Extract from the entries below, exactly as given, only the lines from the line containing "13 Tweedsmuir Avenue Dundas ON L9H 4H6" to the line containing "buhari-presides-over-emergency-security-council-meeting", both lines included.

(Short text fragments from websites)
---+---

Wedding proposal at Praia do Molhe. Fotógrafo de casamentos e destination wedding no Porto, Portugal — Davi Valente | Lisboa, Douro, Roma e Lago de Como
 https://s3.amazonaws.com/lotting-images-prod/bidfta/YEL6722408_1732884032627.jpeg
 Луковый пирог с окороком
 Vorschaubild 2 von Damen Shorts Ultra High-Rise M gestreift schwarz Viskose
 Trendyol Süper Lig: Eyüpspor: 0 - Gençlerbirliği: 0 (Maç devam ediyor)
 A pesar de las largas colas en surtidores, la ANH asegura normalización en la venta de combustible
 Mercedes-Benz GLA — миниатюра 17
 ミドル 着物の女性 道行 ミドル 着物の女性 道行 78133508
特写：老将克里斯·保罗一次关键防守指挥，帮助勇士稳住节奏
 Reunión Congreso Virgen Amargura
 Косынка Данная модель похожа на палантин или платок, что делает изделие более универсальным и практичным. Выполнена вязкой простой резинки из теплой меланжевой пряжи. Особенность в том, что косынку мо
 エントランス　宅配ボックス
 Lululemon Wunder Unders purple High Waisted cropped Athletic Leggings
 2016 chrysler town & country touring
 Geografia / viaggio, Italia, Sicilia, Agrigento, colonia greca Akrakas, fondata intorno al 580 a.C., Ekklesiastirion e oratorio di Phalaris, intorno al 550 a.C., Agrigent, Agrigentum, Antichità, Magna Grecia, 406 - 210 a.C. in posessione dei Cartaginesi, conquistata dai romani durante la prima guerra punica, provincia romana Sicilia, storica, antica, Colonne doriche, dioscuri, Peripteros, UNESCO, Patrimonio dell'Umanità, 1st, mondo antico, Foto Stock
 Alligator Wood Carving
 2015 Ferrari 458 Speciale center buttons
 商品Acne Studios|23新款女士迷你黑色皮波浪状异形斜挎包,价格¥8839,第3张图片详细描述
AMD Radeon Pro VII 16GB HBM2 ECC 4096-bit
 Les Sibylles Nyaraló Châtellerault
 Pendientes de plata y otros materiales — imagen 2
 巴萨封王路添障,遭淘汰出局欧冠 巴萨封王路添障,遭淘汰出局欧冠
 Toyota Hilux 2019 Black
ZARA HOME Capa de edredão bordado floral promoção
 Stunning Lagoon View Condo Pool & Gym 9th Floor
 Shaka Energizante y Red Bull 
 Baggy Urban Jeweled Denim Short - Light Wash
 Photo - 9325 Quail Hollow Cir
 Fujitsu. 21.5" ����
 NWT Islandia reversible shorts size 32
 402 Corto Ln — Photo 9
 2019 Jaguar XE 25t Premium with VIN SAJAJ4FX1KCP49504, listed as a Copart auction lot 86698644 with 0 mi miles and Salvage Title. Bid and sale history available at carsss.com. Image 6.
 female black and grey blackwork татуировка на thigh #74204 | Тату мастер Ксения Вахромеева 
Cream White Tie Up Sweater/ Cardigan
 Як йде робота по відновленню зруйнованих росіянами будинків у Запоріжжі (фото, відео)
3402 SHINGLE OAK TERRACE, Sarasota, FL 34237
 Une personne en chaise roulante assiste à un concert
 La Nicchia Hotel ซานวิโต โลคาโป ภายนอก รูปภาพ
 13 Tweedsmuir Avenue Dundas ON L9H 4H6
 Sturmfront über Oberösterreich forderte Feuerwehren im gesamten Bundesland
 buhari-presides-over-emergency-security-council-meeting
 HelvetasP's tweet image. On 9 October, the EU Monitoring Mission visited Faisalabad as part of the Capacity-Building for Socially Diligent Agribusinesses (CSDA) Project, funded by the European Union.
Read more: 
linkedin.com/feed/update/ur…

---+---

Written solution:
 13 Tweedsmuir Avenue Dundas ON L9H 4H6
 Sturmfront über Oberösterreich forderte Feuerwehren im gesamten Bundesland
 buhari-presides-over-emergency-security-council-meeting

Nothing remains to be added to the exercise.